After the sports sections there are various segments/sections including:

  • How to predict the weather, including the long-lost art of weather divination by chicken and/or cricket - "When chickens scratch in the dirt during a shower, a long rain can be anticipated...If the chirp of a cricket is slow, a storm is on the way."
  • How to properly camp
  • How to properly treat, feed and care for your dog, as well as what not to do and a list of several breeds
  • Suggestions for how to put on a circus, a section that is accompanied by illustrations of circus 'maneuvers', the names of which have vastly different implications today than they did back in 1930 (some of which you can see below)

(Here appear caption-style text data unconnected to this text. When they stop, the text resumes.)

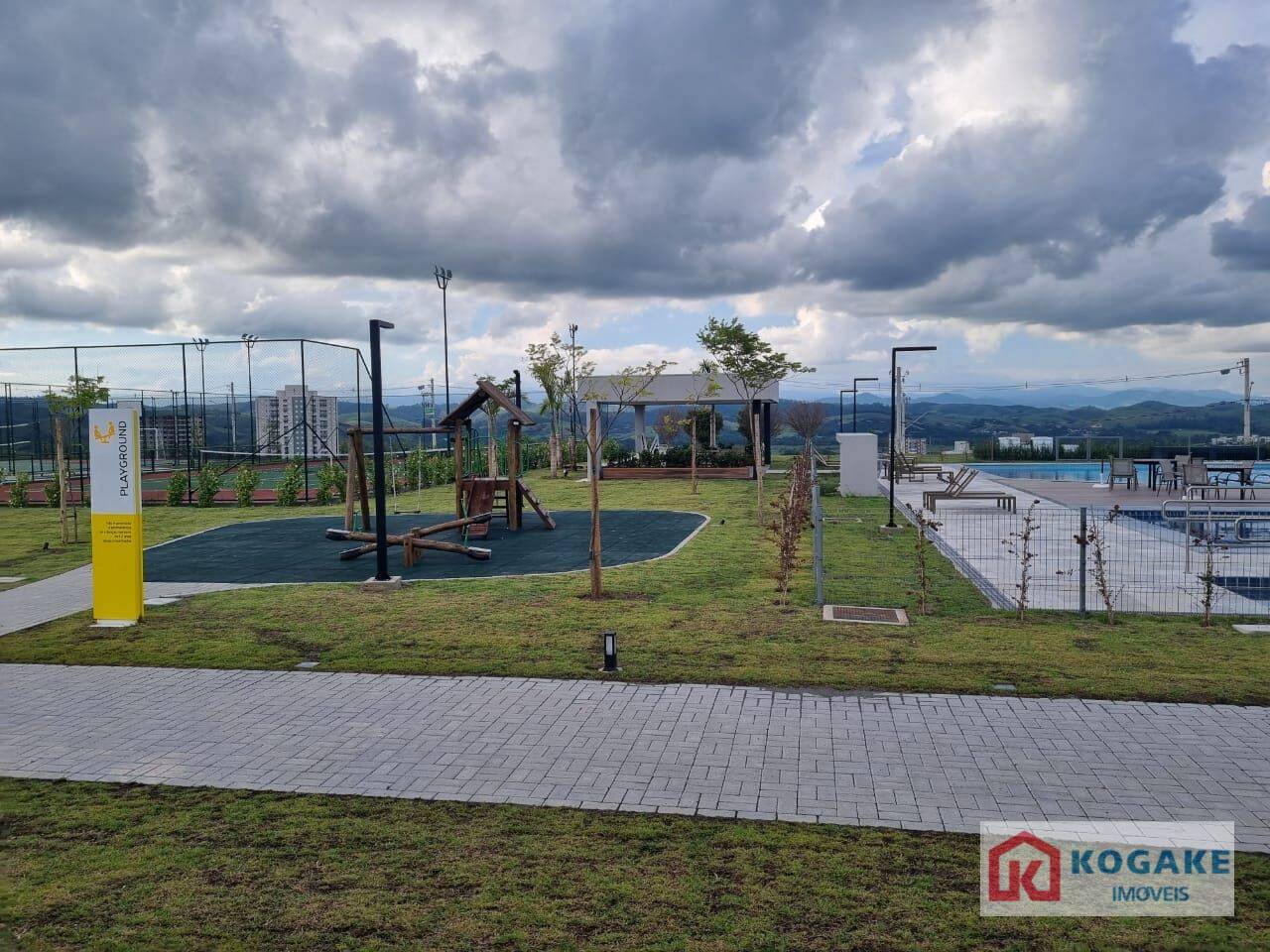 Terreno Urbanova, São José dos Campos - SP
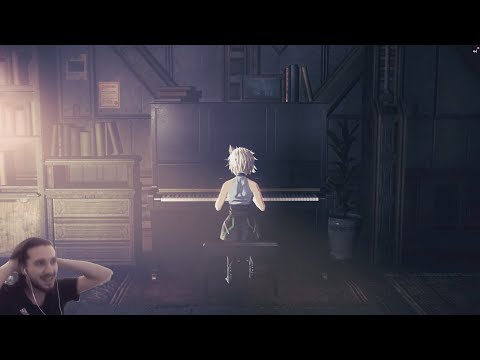 [18] It All Connects (Xenoblade 3: Future Redeemed Highlights)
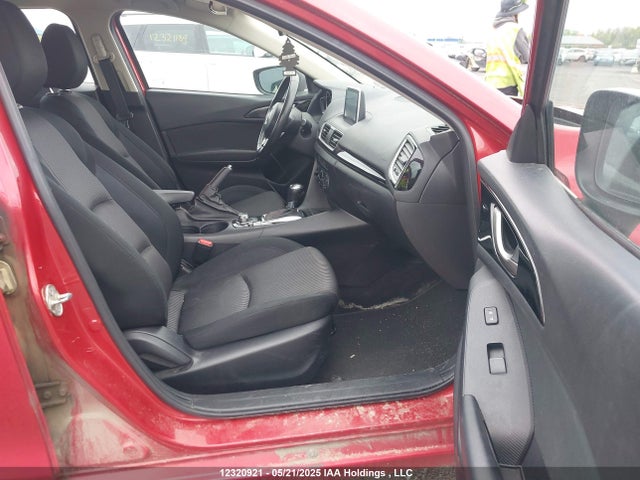 JM1BM1V70E1151575 Mazda pe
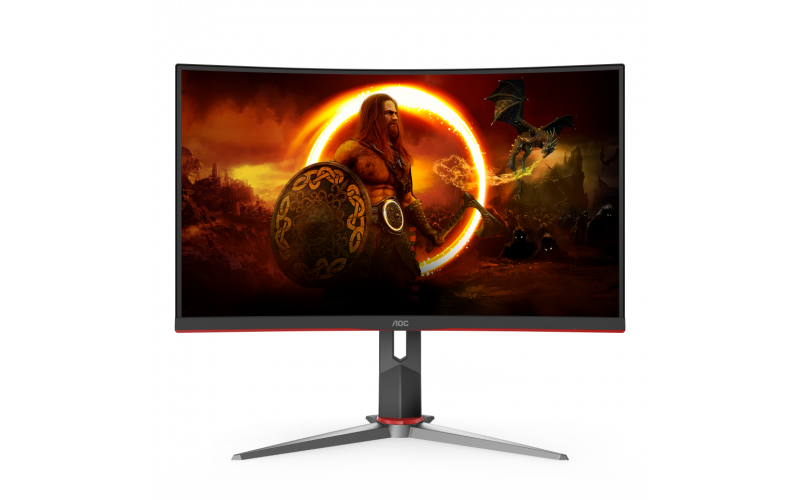 AOC C27G2Z Gaming Monitor 240Hz 27 inch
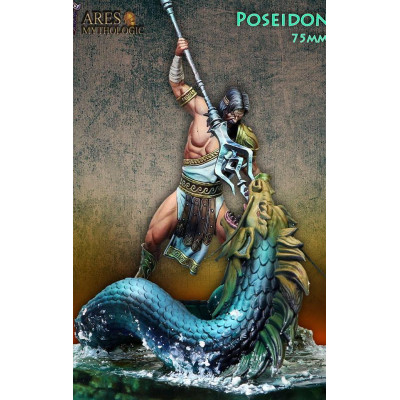 POSEIDON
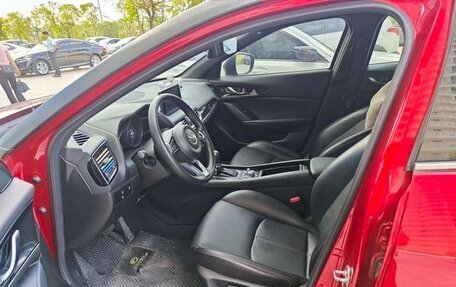 Mazda CX-4, 2021 год, 2 100 000 рублей, 8 фотография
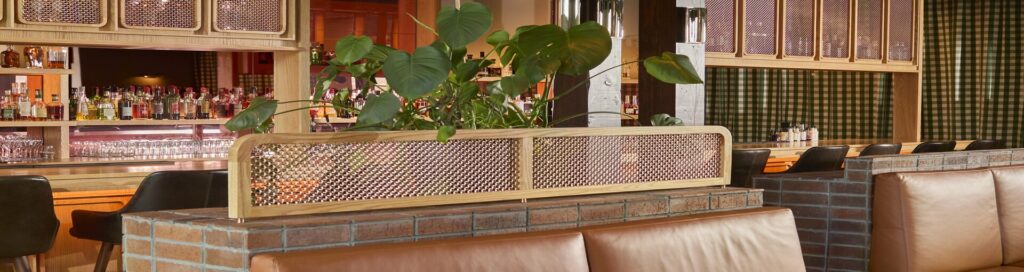 Sonos bar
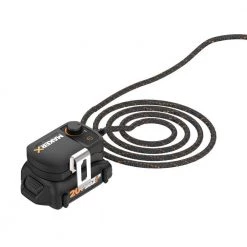 MakerX 20-Volt Power Hub Adapter with Belt Clip and USB Charger by Worx 10 MakerX 20-Volt Power Hub Adapter with Belt Clip and USB Charger by Worx -Toolocity Shop worx rotary tool attachments wa7151 4f 1000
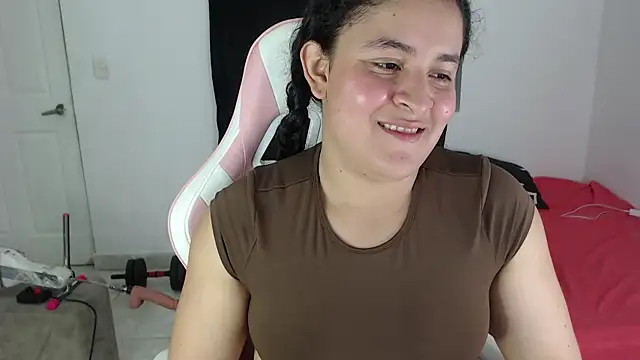 diana fitass online show from 06/25/26, 01:05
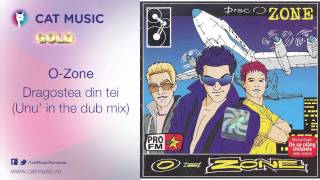 OZone  Dragostea din tei Unu in the dub mix [upl. by Darken]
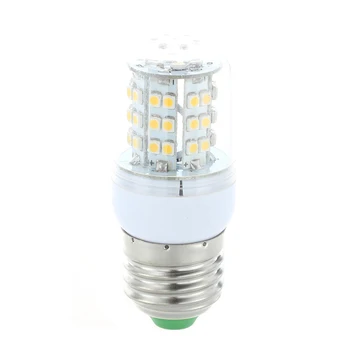 

E27 48 3528 SMD LED Lamp Spotlight 3W Lamp Lighting Warm White AC 220 - 240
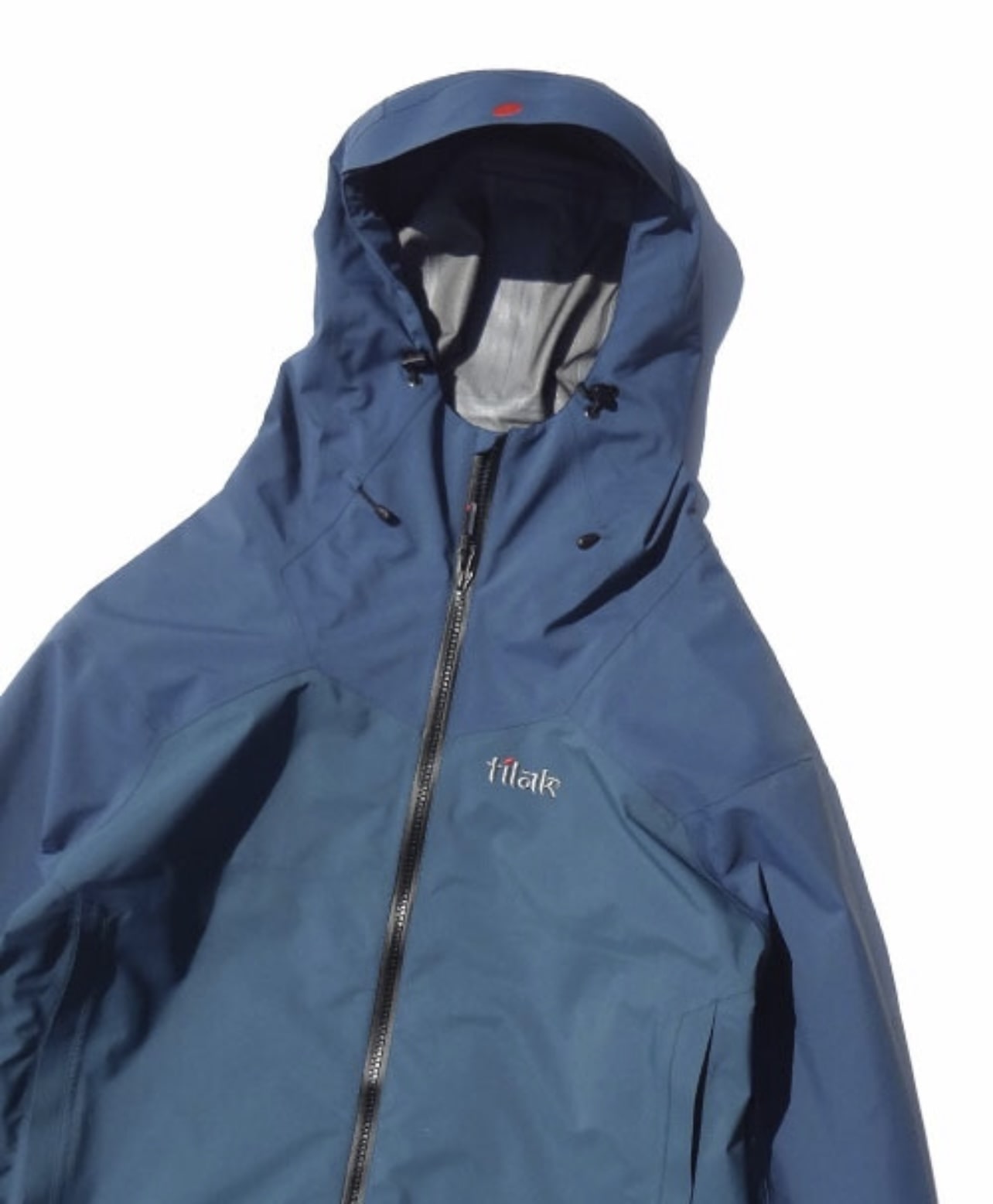 Tilak 24AW】Storm Jacket(S Balsam/Majolica)| MSPCプロダクト Tilak 24AW】Storm Jacket(S Balsam/Majolica)| MSPCプロダクト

In the middle of the booklet there is an ad for multiple Keds shoes, including a model called the Attaboy. Finally, the booklet ends with four lists, Books Boys Like, Books Girls Like, (remarkably, there isn't a single book that appears on both lists, although both lists are actually quite excellent), Ten Commandments of a Good Sportsman and Ten Rules of Health.

Often the handbook included within it a contest for children to win a fairly significant prize (in 1932 the prize was a Wire Haired Terrier!); the contest in 1930 was outlined on the back outside cover and required the entrant to identify a misspelled word within, then, "Use the word somewhere in a Nursery Rhyme and write the rhyme on a postcard" and mail it in for review, with the best three rhymes (the contest noted that, "neatness will be taken into consideration") receiving a bicycle as a prize for Christmas.

Sneakerature's Take: Booklets like these are abound in nostalgia, rousing memories of simpler times - back when sneaker companies were more concerned with enlightening young folks about how to have fun and compete...it also raises a somewhat crazy, but nonetheless legitimate question: were kids really putting on circuses (circus's? circusi? circi?) back in the 1930's?